March 2, 2026
Why 90% of Carriers Leave Detention Money on the Table (And How to Fix It)
Here's an uncomfortable truth: the entire freight system is designed so that you — the driver sitting at the dock — absorb the cost of everyone else's inefficiency.
Brokers know that most carriers won't file detention claims. It's a hassle. The paperwork is annoying. And by the time you're back on the road, you've moved on mentally. That's exactly what they're counting on.
The Real Numbers
Let's do some math. Say you average 3 hours of detention per week that you could bill but don't. At $50/hour, that's:
- $150/week left on the table
- $600/month you're not collecting
- $7,200/year you're essentially donating to brokers
And that's conservative. Some owner-operators lose twice that.
Why Most Carriers Don't File
1. "It's Too Much Hassle"
This is the big one. You're tired. You've been sitting at a dock for 4 hours.
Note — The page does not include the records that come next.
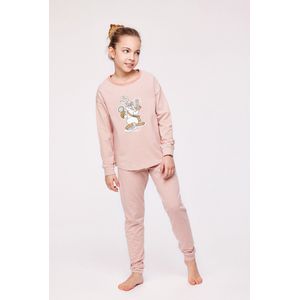 Woody pyjama meisjes/dames - roze-gebroken wit- gestreept - haas - 232-10-PZG-Z/919 - maat 128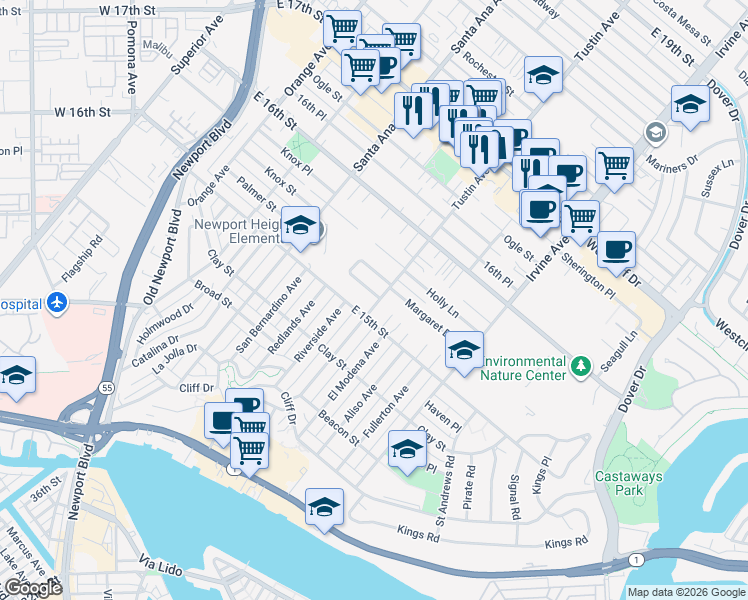 map of restaurants, bars, coffee shops, grocery stores, and more near 621 Gary Place in Newport Beach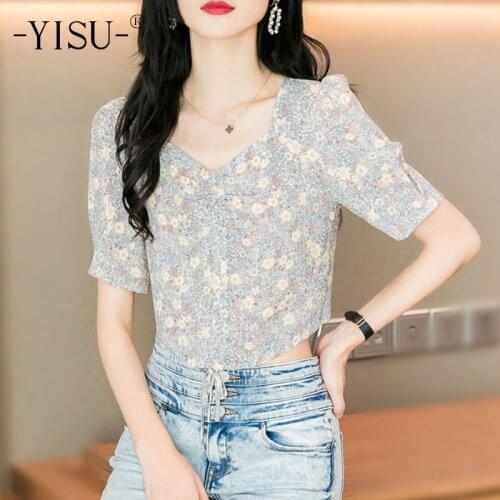 YISU Womens clothing Fashion Short paragraph Floral V-Neck Summer tops Short sleeve Jumper Female Casual Knitted Thin T-shirt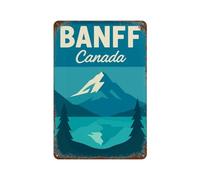 xiaoxiaoshen Banff Canada Travel Canadian Mountain Scenic Wilderness Wanderlust Wall Decor Art Metal Tin Poster Modern Home Decor Art Home Bar Shop Decor Vintage Sign 30 x 20 cm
The last thing you want to do is dig through your photos, calculate times, write up a claim, and argue with a broker's back office.
2. No Documentation
"I know I was there at 8am" doesn't hold up when the broker says "our records show 9:30." Without timestamped photos, GPS data, or signed check-in sheets, it's your word against theirs.
3. Small Claims Feel Pointless
Is it worth fighting for $75? Probably not on its own. But multiply that by 50 loads a year and suddenly you're leaving $3,750 behind.
4. Fear of Burning Bridges
Some carriers worry that filing claims will get them blacklisted. Here's the reality: professional brokers respect carriers who document properly. It's the sketchy ones who get mad when you hold them accountable.
How to Fix It
Document in Real-Time
The key is capturing everything while it's happening, not hours later when you're trying to remember. Take a photo when you arrive. Take another when you're loaded. Your phone timestamps everything automatically.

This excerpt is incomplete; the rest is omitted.